A crucial work in the exhibition is the depiction of a sleeping boy – an image which has a pendant in Wittwer's Berlin show. It is the first self-portrait of the artist. As a seven year old he sleeps on a strongly patterned carpet. The pattern is a central, recurring feature in Wittwer's repertory and leads over to a small, very dense watercolour, which is lapidary titled with the London address Maresfield Gardens. To this place in Hampstead in North London escaped the Freud family from Vienna after the National Socialist took power in Austria in 1938. Today the Freud Museum is situated there and holds as one of its main attractions the original psychoanalytic couch of Sigmund Freud covered by oriental carpets. Wittwer focuses in this amazing watercolour on the condensed depiction of the enigmatic couch. Beside this work hangs the image of a cloud formation in August 1994 – a reminiscence to the English painter John Constable (1776-1837), especially to his aim to capture the changing formation of clouds. Next to the landscape hangs prominently The Player, Camp. The title indicates, that the work belongs to the series of American camp images from the Vietnam War, a subject Wittwer deals with for some time. Blindfolded the player lays up cards and appears in this strange occupation as a superior, visionary figure of destiny. The watercolour Live at Leeds renders the 1970 released record by the band "The Who", slightly enlarged and distorted. It is noticeable that as on the original record the painted cover lacks any description. The depiction is an homage to this seminal recording for English pop culture. The night piece Great Eastern Street shows a main street in London's East End. Already during his stay in Margate London had a huge appeal to Wittwer; a fascination the Capital has never lost. East London was the first destination for immigrants and holds because of the docks a rough mood. With white omissions Wittwer imitates on the watercolour damages to the paper and places the depiction in the indecision between approximation and alienation.

The work Ballroom focuses on a touching scene in the movie They Shoot Horses, Don't They? (1969) by Sidney Pollack. In a cinematographic wide format the two main actors Jane Fonda and Michael Sarrazin are rendered in a close embrace. Ballroom establishes a connection to Margate as it could be situated in the famous pier of the once popular seaside resort.

A window opens the view on the iconic landscape in the Bernese Oberland with the three mountains Eiger, Mönch and Jungfrau. On sunny days Wittwer could see this amazing panorama from his earlier places of domicile Berne and Burgdorf. Here the mountains can barely be detected through a patterned curtain, which places the mountains on a distant stage.

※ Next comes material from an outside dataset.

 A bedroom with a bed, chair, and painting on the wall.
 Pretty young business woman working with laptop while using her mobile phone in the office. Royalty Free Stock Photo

Next to the work Stage hangs as a final point but also at the same time as a new starting point of the exhibition the landscape Margate Negative. So to speak back-to-back to the large inkjet Dreamland this work shows in a negative reversal the entrance building to Dreamland and a multistorey building close to the amusement park.

The exhibition opens to the public a wide field of possible interpretations. The show is not to be read with a dialectical key, but each visitor has to create on his own references, narratives and contradictions between the single watercolours. Wittwer states, that emotions have been important in the process of making the works. In Margate Sands Wittwer transforms in an amazing way personal experiences into general observations and statements. Through an associative contemplation of the works the viewer gains many layers of meaning and moments of deep understanding.